著者らによると、いま列記した権利論の問題点は、権利の共存可能性問題に引きずられすぎて、権利の日常的な語り口からあまりにもかけ離れた言説へと誘ってしまう点に尽きる。その最たるものが、日常的には行為タイプレベルで捉えられる自由を行為トークンに落とし、行為の物理的構成要素を示す外延的説明を、自由の保護を意味する権利の対象の説明としてあてがうスタイナーの議論である。こうした議論に対し著者たちは、日常的な権利言説からかけ離れた議論をするのではなくて、むしろそうした権利言説を形式的言語によって分析し、分節化していくことが大事だと説く。そして引き出される3つの主張は、第一に、権利はそれを存在せしめる背景(理論、行為振る舞いを規定する信念、法等)、言ってしまえば社会的諸制度の一部であって、したがって権利と背景はいわば均衡的配置(equilibrium arrangements)のなかで定位されるべきものである。第二に、権利は行為トークンを対象とするのはなく、言論の自由といった表現にみられるように、日常的な権利言説とマッチする行為タイプレベルでの自由に目を向けるべきである。第三に、関連して、個人がどういう自由をもっているのかについてまず吟味するよりも、その個人の自由の度合いに関する判断から個人の有する自由を引き出すアプローチをとるべきである。

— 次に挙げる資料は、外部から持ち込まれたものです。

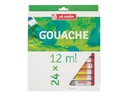 Talens Plakatfarbe Gouache  24er Set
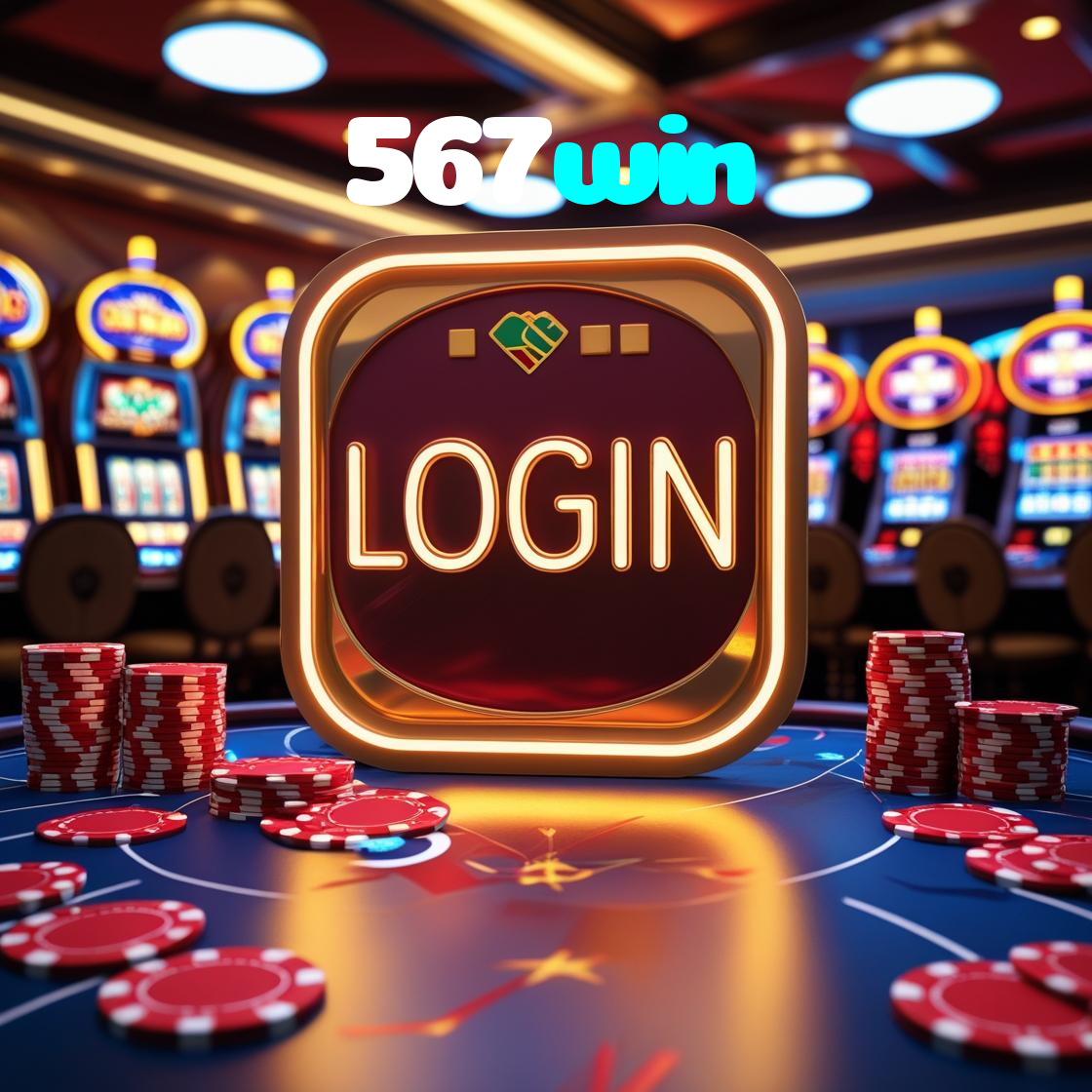 567win visual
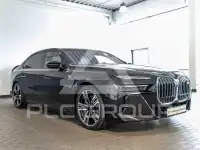 2023 BMW I7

この3番目の主張が、著者らのオリジナルな議論(本人たちが認めるとおり、発展途上のものではあるが)を導いている。それが、0から1までの間の価値を行為タイプRに割り当て、各行為トークンrが妨害されない確率を得ることで自由関数を導き出すという議論である。もちろんどのように価値を見出すかは、関数の定義の仕方によるわけで、たとえば他者に妨害されない確率の最も高い行為トークンによってその価値を決めたり、様々な確率の平均をその価値としたり、と様々である。ともあれ著者たちは、権利の共存可能性にとらわれてオール・オア・ナッシングで自由を捉えるのではなくて、ある行為タイプに関して、何らかのかたちで適切に定められる特定の閾値的価値(threshold value)を超えれば、それに対し権利があると言えるし、逆の場合は権利をもたないと言える、とする(pp. 290-291)。閾値的価値についての探求がないので何とも言えないところはあるが、これはこれでそれなりに合点の行く常識的なアプローチと言えるかもしれない。以上が要約である。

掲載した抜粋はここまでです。